Write each entry out again, exactly as it is written.

Short descriptive text snippets

*-*-*

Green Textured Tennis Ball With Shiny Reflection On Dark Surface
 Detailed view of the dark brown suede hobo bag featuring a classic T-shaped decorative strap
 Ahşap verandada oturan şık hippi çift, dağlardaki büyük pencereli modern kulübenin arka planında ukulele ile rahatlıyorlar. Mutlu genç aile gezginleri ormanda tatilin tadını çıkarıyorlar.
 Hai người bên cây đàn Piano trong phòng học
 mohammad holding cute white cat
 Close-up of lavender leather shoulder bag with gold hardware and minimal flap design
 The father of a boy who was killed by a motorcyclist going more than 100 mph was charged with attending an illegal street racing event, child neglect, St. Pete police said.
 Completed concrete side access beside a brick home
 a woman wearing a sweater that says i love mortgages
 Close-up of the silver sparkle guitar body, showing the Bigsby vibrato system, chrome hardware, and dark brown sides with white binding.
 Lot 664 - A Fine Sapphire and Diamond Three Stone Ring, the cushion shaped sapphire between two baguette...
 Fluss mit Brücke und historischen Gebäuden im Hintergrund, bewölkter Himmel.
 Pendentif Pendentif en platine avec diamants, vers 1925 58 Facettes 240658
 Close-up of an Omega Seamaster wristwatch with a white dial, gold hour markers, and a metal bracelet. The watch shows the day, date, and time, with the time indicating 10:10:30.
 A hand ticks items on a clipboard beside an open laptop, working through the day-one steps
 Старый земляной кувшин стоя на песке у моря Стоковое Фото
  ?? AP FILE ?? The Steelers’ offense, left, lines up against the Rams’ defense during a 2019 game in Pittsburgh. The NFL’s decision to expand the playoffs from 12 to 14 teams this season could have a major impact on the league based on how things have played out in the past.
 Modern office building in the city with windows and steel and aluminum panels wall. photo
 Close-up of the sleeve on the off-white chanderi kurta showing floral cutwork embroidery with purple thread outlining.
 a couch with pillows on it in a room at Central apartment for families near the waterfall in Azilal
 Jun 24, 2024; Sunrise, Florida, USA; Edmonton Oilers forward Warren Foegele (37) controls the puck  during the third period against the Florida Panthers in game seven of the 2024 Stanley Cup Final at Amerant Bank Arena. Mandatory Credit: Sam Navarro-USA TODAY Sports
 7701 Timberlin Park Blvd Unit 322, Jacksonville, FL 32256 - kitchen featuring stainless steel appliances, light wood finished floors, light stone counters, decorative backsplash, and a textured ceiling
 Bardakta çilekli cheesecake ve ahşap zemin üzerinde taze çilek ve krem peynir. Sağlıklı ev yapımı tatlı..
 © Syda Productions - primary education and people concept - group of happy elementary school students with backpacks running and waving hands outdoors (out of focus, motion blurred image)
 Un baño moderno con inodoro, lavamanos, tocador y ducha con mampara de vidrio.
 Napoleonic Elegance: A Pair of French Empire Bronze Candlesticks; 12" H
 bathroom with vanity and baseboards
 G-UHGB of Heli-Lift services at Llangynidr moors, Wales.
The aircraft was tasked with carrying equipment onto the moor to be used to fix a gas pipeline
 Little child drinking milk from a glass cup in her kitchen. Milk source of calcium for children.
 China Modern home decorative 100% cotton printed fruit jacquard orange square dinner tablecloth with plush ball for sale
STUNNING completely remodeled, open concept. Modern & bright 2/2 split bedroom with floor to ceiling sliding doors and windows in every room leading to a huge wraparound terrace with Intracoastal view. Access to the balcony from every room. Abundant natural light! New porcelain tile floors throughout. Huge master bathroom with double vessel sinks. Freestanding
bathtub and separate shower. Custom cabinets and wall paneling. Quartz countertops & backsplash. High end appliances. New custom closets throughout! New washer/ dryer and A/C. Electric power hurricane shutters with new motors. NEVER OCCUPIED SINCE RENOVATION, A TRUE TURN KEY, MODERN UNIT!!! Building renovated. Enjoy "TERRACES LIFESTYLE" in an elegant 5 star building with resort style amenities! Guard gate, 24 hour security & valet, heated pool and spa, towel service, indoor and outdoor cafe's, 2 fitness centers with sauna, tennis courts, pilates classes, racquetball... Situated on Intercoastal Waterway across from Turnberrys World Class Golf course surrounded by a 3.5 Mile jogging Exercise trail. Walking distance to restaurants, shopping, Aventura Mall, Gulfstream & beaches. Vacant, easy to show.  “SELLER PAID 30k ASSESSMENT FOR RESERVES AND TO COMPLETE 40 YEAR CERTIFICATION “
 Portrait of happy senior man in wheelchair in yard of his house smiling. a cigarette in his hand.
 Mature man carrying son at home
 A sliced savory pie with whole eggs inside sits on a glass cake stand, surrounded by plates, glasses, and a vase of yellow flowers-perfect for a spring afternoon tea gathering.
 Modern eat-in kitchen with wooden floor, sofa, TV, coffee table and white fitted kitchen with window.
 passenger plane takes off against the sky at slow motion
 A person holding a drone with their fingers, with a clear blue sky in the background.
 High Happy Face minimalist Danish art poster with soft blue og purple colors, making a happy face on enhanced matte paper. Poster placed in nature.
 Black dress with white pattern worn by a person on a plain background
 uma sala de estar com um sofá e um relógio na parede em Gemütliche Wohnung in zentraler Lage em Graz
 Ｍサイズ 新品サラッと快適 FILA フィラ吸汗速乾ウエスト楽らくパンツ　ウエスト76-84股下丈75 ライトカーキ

*-*-*

■ **Answer to this problem**:
Green Textured Tennis Ball With Shiny Reflection On Dark Surface
 Detailed view of the dark brown suede hobo bag featuring a classic T-shaped decorative strap
 Ahşap verandada oturan şık hippi çift, dağlardaki büyük pencereli modern kulübenin arka planında ukulele ile rahatlıyorlar. Mutlu genç aile gezginleri ormanda tatilin tadını çıkarıyorlar.
 Hai người bên cây đàn Piano trong phòng học
 mohammad holding cute white cat
 Close-up of lavender leather shoulder bag with gold hardware and minimal flap design
 The father of a boy who was killed by a motorcyclist going more than 100 mph was charged with attending an illegal street racing event, child neglect, St. Pete police said.
 Completed concrete side access beside a brick home
 a woman wearing a sweater that says i love mortgages
 Close-up of the silver sparkle guitar body, showing the Bigsby vibrato system, chrome hardware, and dark brown sides with white binding.
 Lot 664 - A Fine Sapphire and Diamond Three Stone Ring, the cushion shaped sapphire between two baguette...
 Fluss mit Brücke und historischen Gebäuden im Hintergrund, bewölkter Himmel.
 Pendentif Pendentif en platine avec diamants, vers 1925 58 Facettes 240658
 Close-up of an Omega Seamaster wristwatch with a white dial, gold hour markers, and a metal bracelet. The watch shows the day, date, and time, with the time indicating 10:10:30.
 A hand ticks items on a clipboard beside an open laptop, working through the day-one steps
 Старый земляной кувшин стоя на песке у моря Стоковое Фото
  ?? AP FILE ?? The Steelers’ offense, left, lines up against the Rams’ defense during a 2019 game in Pittsburgh. The NFL’s decision to expand the playoffs from 12 to 14 teams this season could have a major impact on the league based on how things have played out in the past.
 Modern office building in the city with windows and steel and aluminum panels wall. photo
 Close-up of the sleeve on the off-white chanderi kurta showing floral cutwork embroidery with purple thread outlining.
 a couch with pillows on it in a room at Central apartment for families near the waterfall in Azilal
 Jun 24, 2024; Sunrise, Florida, USA; Edmonton Oilers forward Warren Foegele (37) controls the puck  during the third period against the Florida Panthers in game seven of the 2024 Stanley Cup Final at Amerant Bank Arena. Mandatory Credit: Sam Navarro-USA TODAY Sports
 7701 Timberlin Park Blvd Unit 322, Jacksonville, FL 32256 - kitchen featuring stainless steel appliances, light wood finished floors, light stone counters, decorative backsplash, and a textured ceiling
 Bardakta çilekli cheesecake ve ahşap zemin üzerinde taze çilek ve krem peynir. Sağlıklı ev yapımı tatlı..
 © Syda Productions - primary education and people concept - group of happy elementary school students with backpacks running and waving hands outdoors (out of focus, motion blurred image)
 Un baño moderno con inodoro, lavamanos, tocador y ducha con mampara de vidrio.
 Napoleonic Elegance: A Pair of French Empire Bronze Candlesticks; 12" H
 bathroom with vanity and baseboards
 G-UHGB of Heli-Lift services at Llangynidr moors, Wales.
The aircraft was tasked with carrying equipment onto the moor to be used to fix a gas pipeline
 Little child drinking milk from a glass cup in her kitchen. Milk source of calcium for children.
 China Modern home decorative 100% cotton printed fruit jacquard orange square dinner tablecloth with plush ball for sale
STUNNING completely remodeled, open concept. Modern & bright 2/2 split bedroom with floor to ceiling sliding doors and windows in every room leading to a huge wraparound terrace with Intracoastal view. Access to the balcony from every room. Abundant natural light! New porcelain tile floors throughout. Huge master bathroom with double vessel sinks. Freestanding
bathtub and separate shower. Custom cabinets and wall paneling. Quartz countertops & backsplash. High end appliances. New custom closets throughout! New washer/ dryer and A/C. Electric power hurricane shutters with new motors. NEVER OCCUPIED SINCE RENOVATION, A TRUE TURN KEY, MODERN UNIT!!! Building renovated. Enjoy "TERRACES LIFESTYLE" in an elegant 5 star building with resort style amenities! Guard gate, 24 hour security & valet, heated pool and spa, towel service, indoor and outdoor cafe's, 2 fitness centers with sauna, tennis courts, pilates classes, racquetball... Situated on Intercoastal Waterway across from Turnberrys World Class Golf course surrounded by a 3.5 Mile jogging Exercise trail. Walking distance to restaurants, shopping, Aventura Mall, Gulfstream & beaches. Vacant, easy to show.  “SELLER PAID 30k ASSESSMENT FOR RESERVES AND TO COMPLETE 40 YEAR CERTIFICATION “
 Portrait of happy senior man in wheelchair in yard of his house smiling. a cigarette in his hand.
 Mature man carrying son at home
 A sliced savory pie with whole eggs inside sits on a glass cake stand, surrounded by plates, glasses, and a vase of yellow flowers-perfect for a spring afternoon tea gathering.
 Modern eat-in kitchen with wooden floor, sofa, TV, coffee table and white fitted kitchen with window.
 passenger plane takes off against the sky at slow motion
 A person holding a drone with their fingers, with a clear blue sky in the background.
 High Happy Face minimalist Danish art poster with soft blue og purple colors, making a happy face on enhanced matte paper. Poster placed in nature.
 Black dress with white pattern worn by a person on a plain background
 uma sala de estar com um sofá e um relógio na parede em Gemütliche Wohnung in zentraler Lage em Graz
 Ｍサイズ 新品サラッと快適 FILA フィラ吸汗速乾ウエスト楽らくパンツ　ウエスト76-84股下丈75 ライトカーキ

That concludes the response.